Yesterday we had our monthly chapter meeting and were blessed to have it with Father Altier, Visitor of the BSP. We had a wonderful meeting and although he is a Carmelite in his spiritual advice to us he said the first thing we needed to do as penitents was to live in simplicity and detachment from all things like St. Francis. Detachment comes first he said. We cannot allow ourselves to develop attachments to any person or thing in this life. Detachment is the first thing that goes if a religious turns from their vows of poverty, chastity, and obedience. So, if we wish to advance in the spiritual life God must be first with us. He also said that this is not about selling what we own, because as lay people, with families, we need to own things to live. It is about staying focused on God in all things, and being grateful to him for his gifts to us. In doing that we embrace, as lay people, the spirit of St. Francis.

So, on this beautiful feast let's reflect on just who we are for the Lord. Let's examine our lives and live in simplicity and detachment from all things. Let us focus on Christ. Praised be Jesus forever!

Bruce and Shelley Fahey BSP
Administrators of the BSP

Janet Klasson
A meditation
From the Second Reading 28th Sunday in Ordinary Time
by Janet Klasson BSP

"I have learned to be content with whatever I have. I know what it is to have little, and I know what it is to have plenty. In any and all circumstances I have learned the secret of being well-fed and of going hungry, of having plenty and of being in need. I can do all things through him who strengthens me." (Philippians 4:11-13)

It is difficult these days not to become alarmed and concerned for the future. It is very providential that the Holy Father has put the focus on St. Paul during this year so that we might pay more heed to his letters for our guidance and benefit. Our longstanding familiarity with the letters of St. Paul might cause us to overlook the treasure that is contained in them. That would be a mistake, for I believe this treasure holds new value in our time.

The above passage from Philippians speaks very clearly to those of us who are trying to live with increasing detachment from worldly things. As the world situation gets more unstable, we will need to cling to the direction that Scripture and the church gives us, for the temptations will likely be great to fear, to protectionism, and to despair. It is challenging even in good times to know how to judge what we have against what we need and what we owe to those who are in greater need. Then, what will it be like when times are bad?
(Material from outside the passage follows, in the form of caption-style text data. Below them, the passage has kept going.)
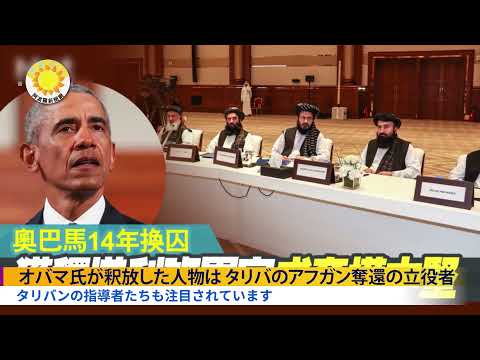 悪者を逃して禍根を殘した タリバンの指導者5人を釈放【アボロ新聞】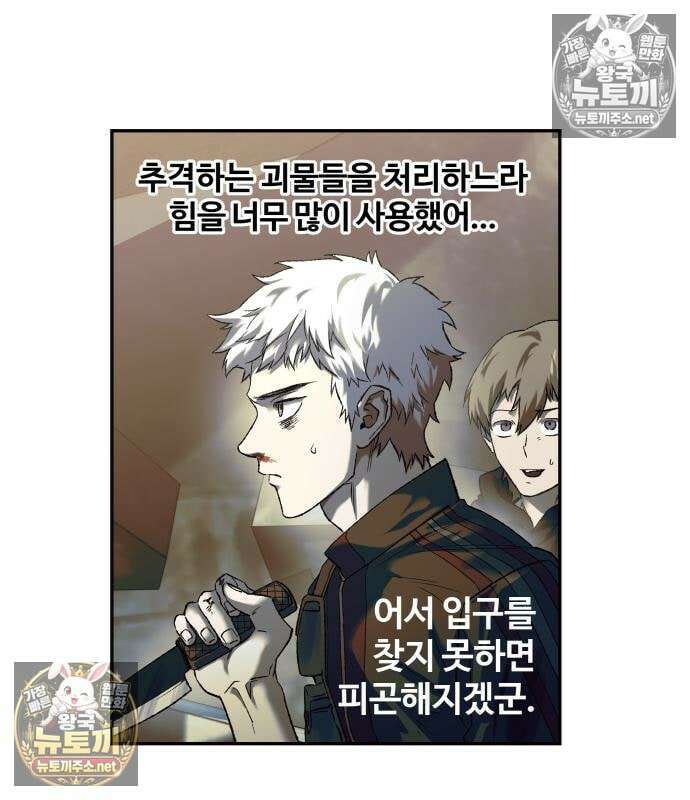 종말에서 살아남기 83화 5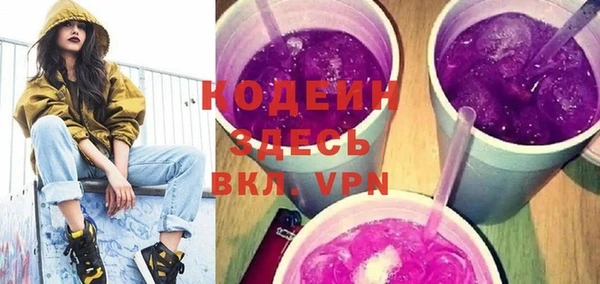 MDMA Надым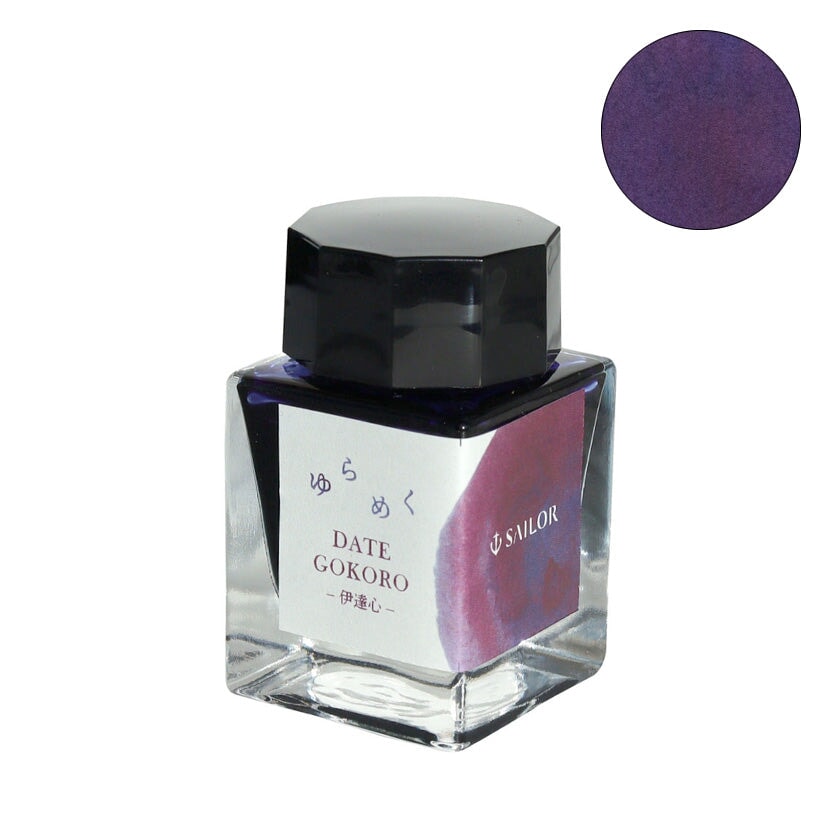 Sailor Date Gokoro - 20ml Bottled Ink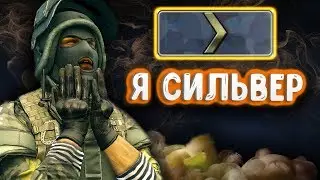 CS:GO | -СИЛЬВЕР- #2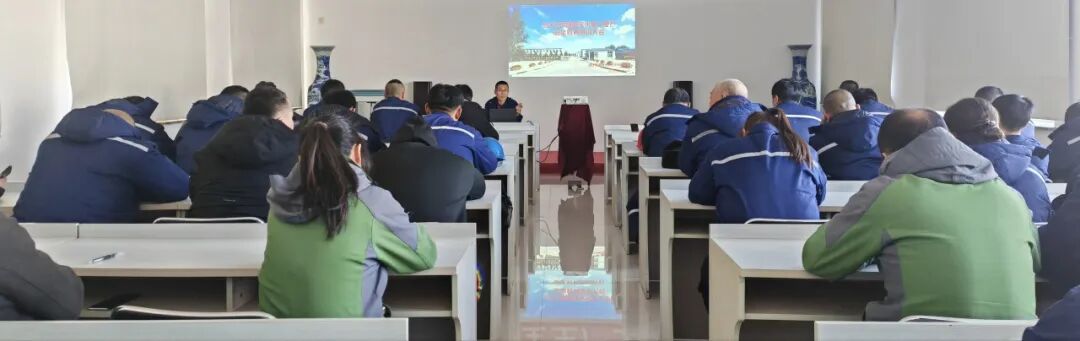 收心歸位 強化責任 筑牢安全生產(chǎn)防線 ——通遼德瑞開展復工復產(chǎn)安全教育培訓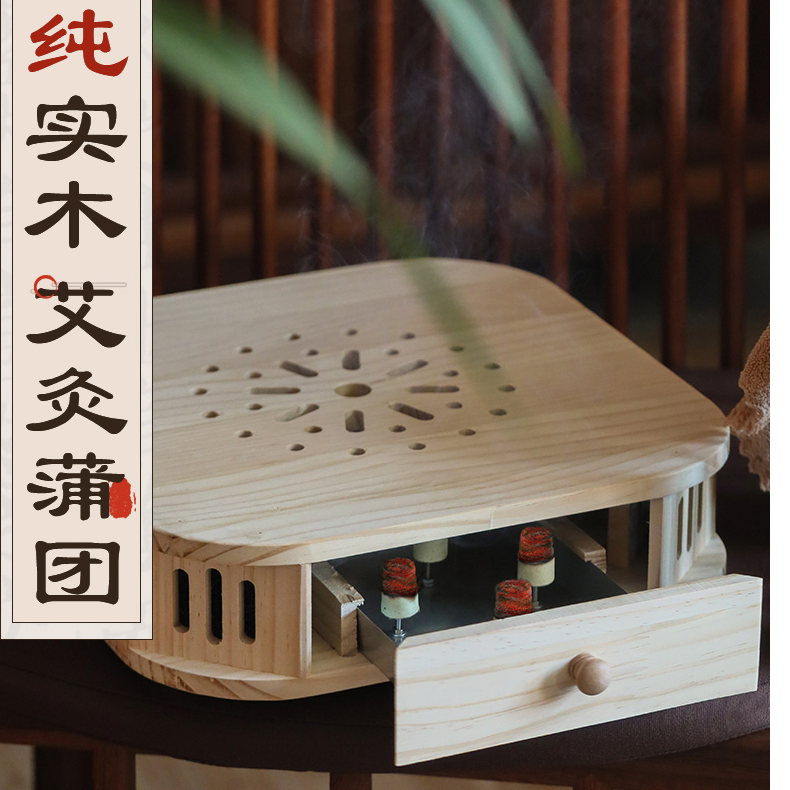 家用实木艾灸蒲团舒适耐用无甲醛安全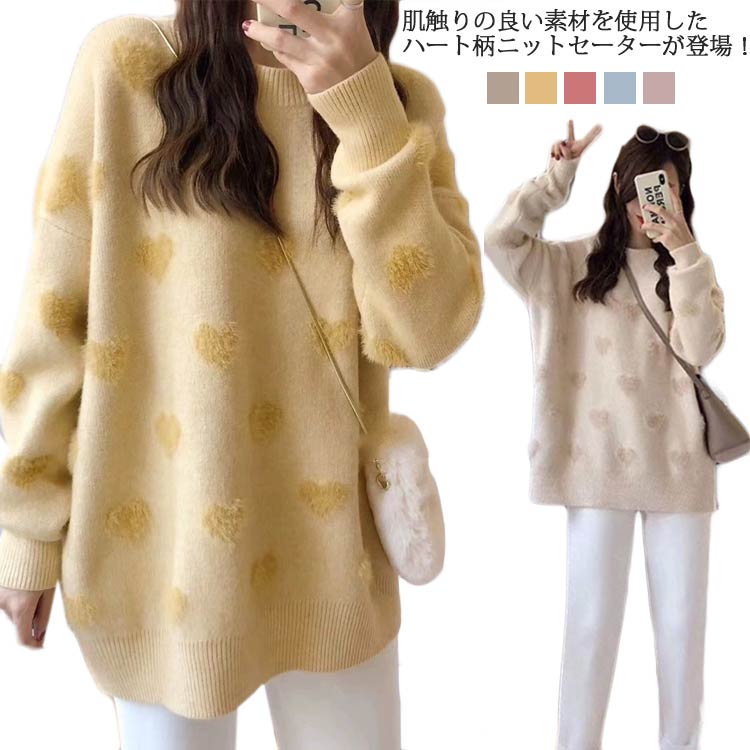 CHICWISH(シックウィッシュ)｜半袖ニットトップ＆スカートセット バイカラーニットセットアップ – Darich (ダーリッチ)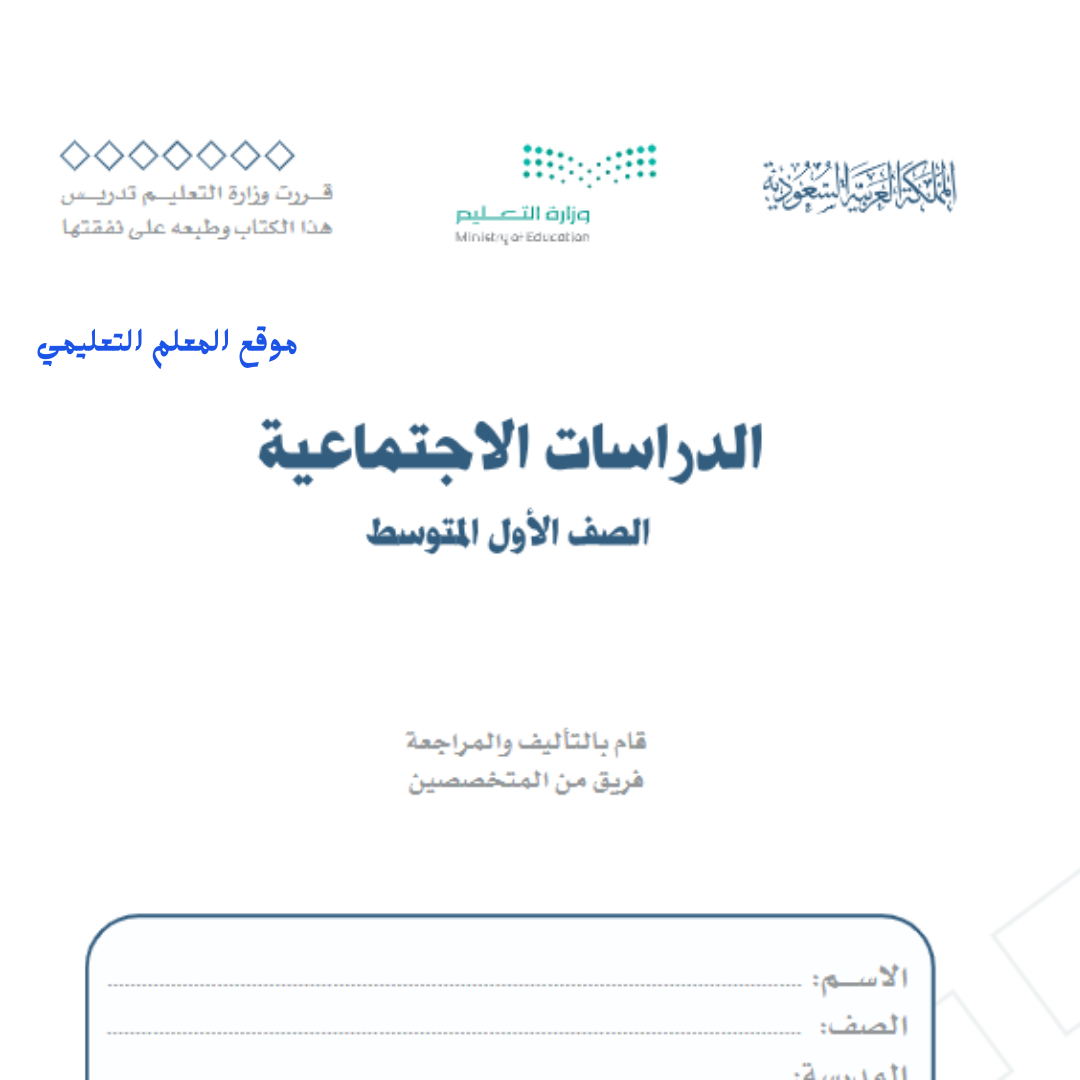 كتاب الاجتماعيات اول متوسط الفصل الثاني 1447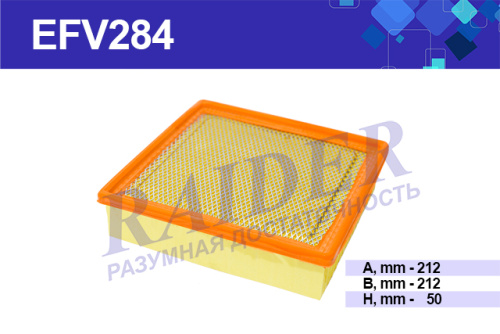 EFV 284 EFV 284
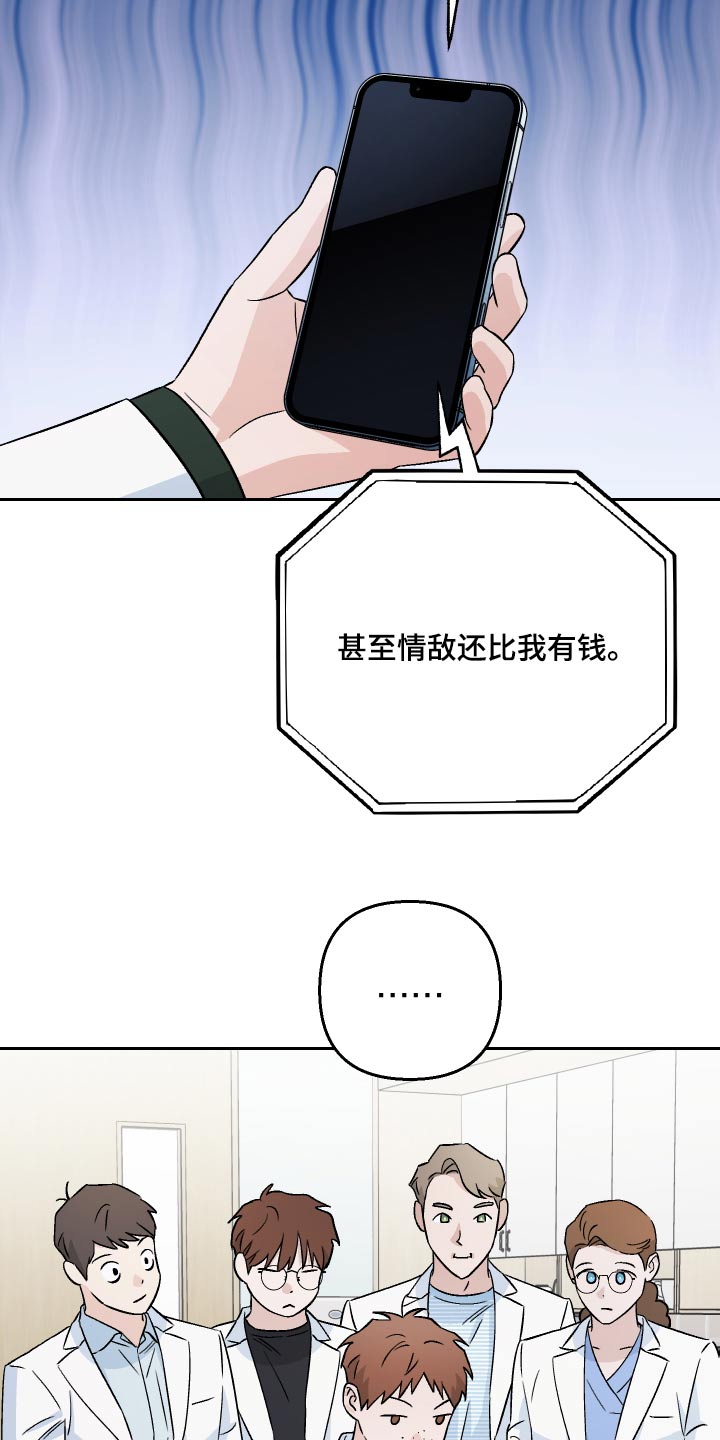 第84章：【第二季】陷入27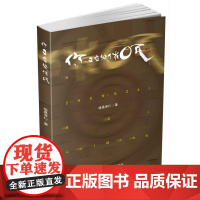 你,正在被催眠 格桑泽仁 四川大学出版社 正版书籍
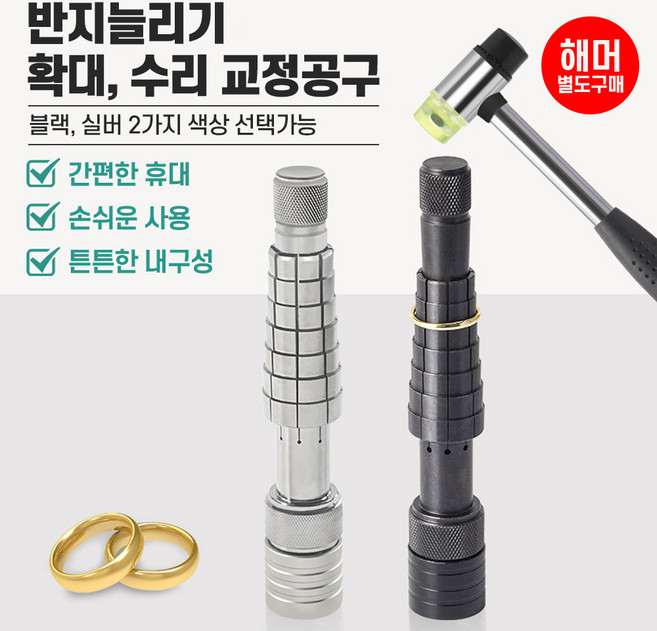 반지 늘리기 조절기 성형기 링 사이즈 성형기 굵기조절 설프 봉게이지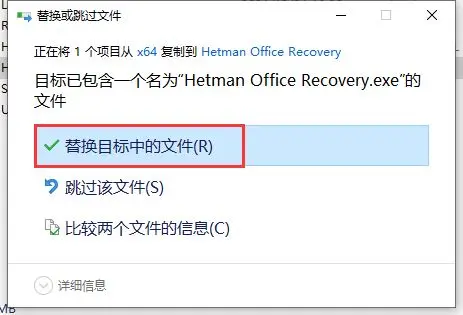 怎么免费激活Hetman Office Recovery? 附激活教程+激活补丁下载
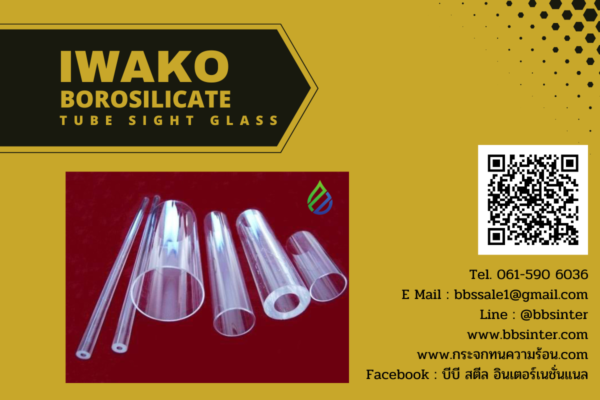 borosilicate sight glass tube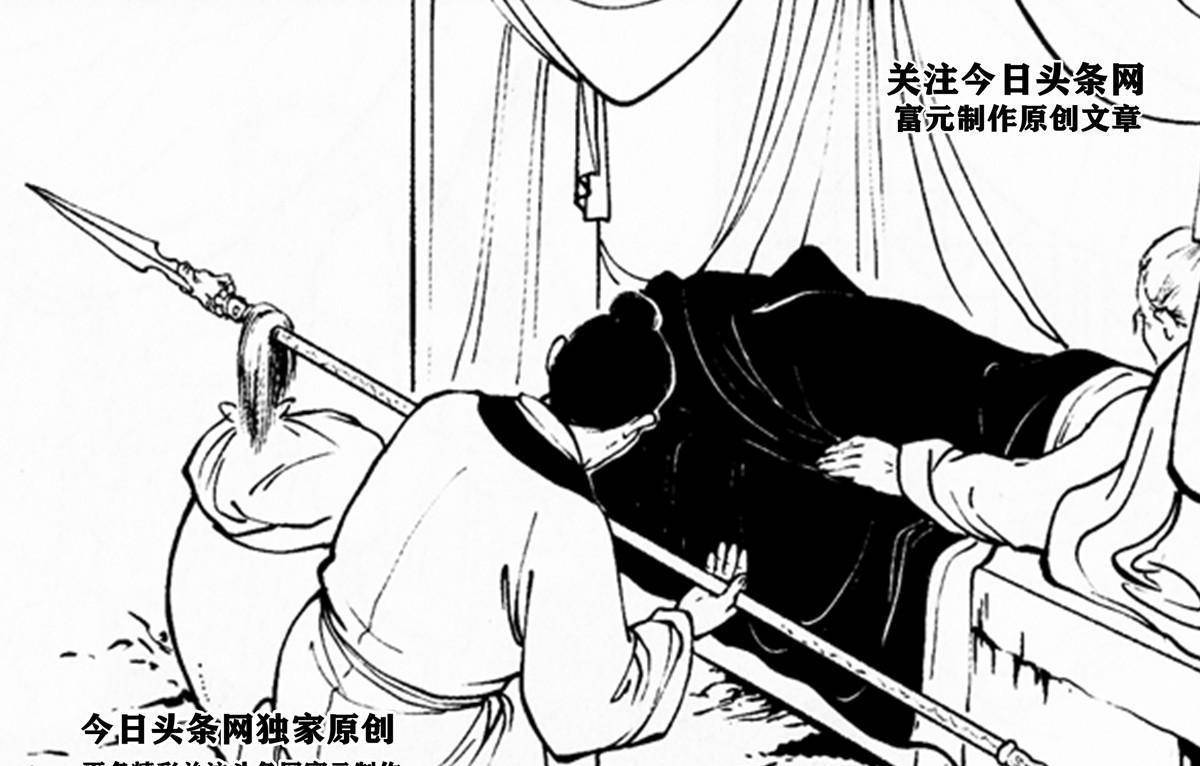 除了项羽还有谁用过这杆枪?_卢枪_姚期_大枪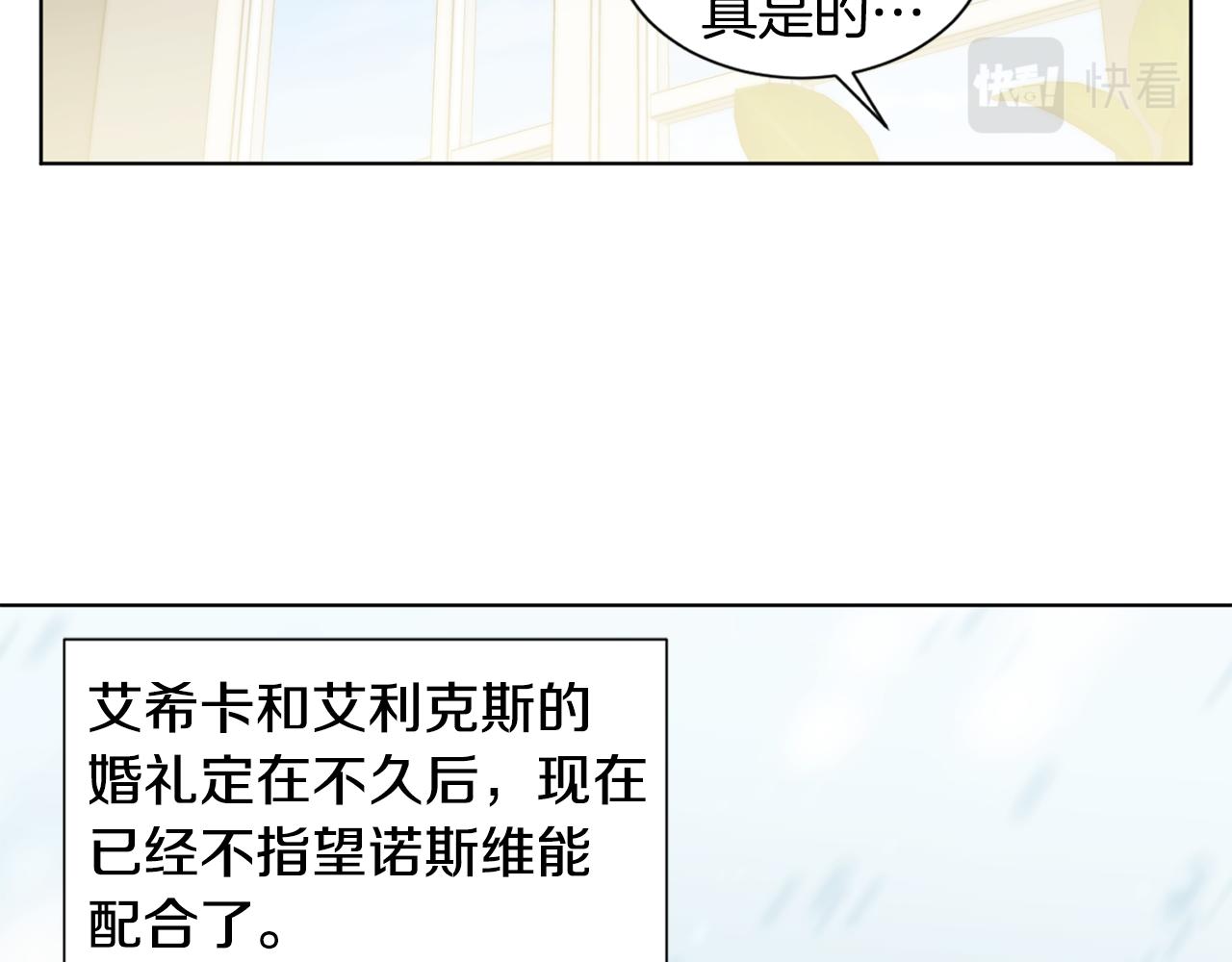 第104话 幸福63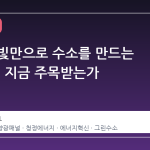 물과 햇빛만으로 수소를 만드는 패널, 왜 지금 주목받는가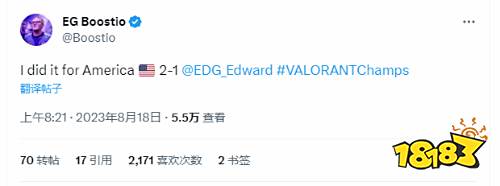 无法反驳!《无畏契约》EG战胜EDG后称其令人失望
Here is a quote from a document of the Church:

But if the question be asked: How must one's possessions be used? - the Church replies without hesitation in the words of the holy (St. Thomas Aquinas): "Man should not consider his material possessions as his own, but as common to all, so as to share them without hesitation when others are in need." . . . True, no one is commanded to distribute to others that which is required for his own needs and those of his household; nor even to give away what is reasonably required to keep up becomingly his condition in life, "for no one ought to live other than becomingly." But, when what necessity demands has been supplied, and one's standing fairly taken thought for, it becomes a duty to give to the indigent out of what remains over. . . . It is a duty, not of justice (save in extreme cases), but of Christian charity - a duty not enforced by human law. But the laws and judgments of men must yield place to the laws and judgments of Christ the true God, who in many ways urges on His followers the practice of almsgiving.-- Pope Leo XIII, Rerum Novarum
It is good to keep these things in mind as world events unfold. We who have lived in the affluent West really have no idea how we will react when faced with deprivation. I think the strength of the temptations could take us by surprise. I also think we will be glad of the discipline gained in following the Rule. In any case, it is certainly time to step up our prayer, penance, and time spent in Scripture. That is the only way to remain faithful, hopeful, and filled with peace regardless of the circumstances in which we find ourselves.
Give me neither poverty nor riches; (provide me only with the food I need;) lest, being full, I deny you, saying, "Who is the LORD?" Or, being in want, I steal, and profane the name of my God. (Proverbs 30:8-9)
Jesus, I trust in you, who strengthens me. May God have mercy on us all.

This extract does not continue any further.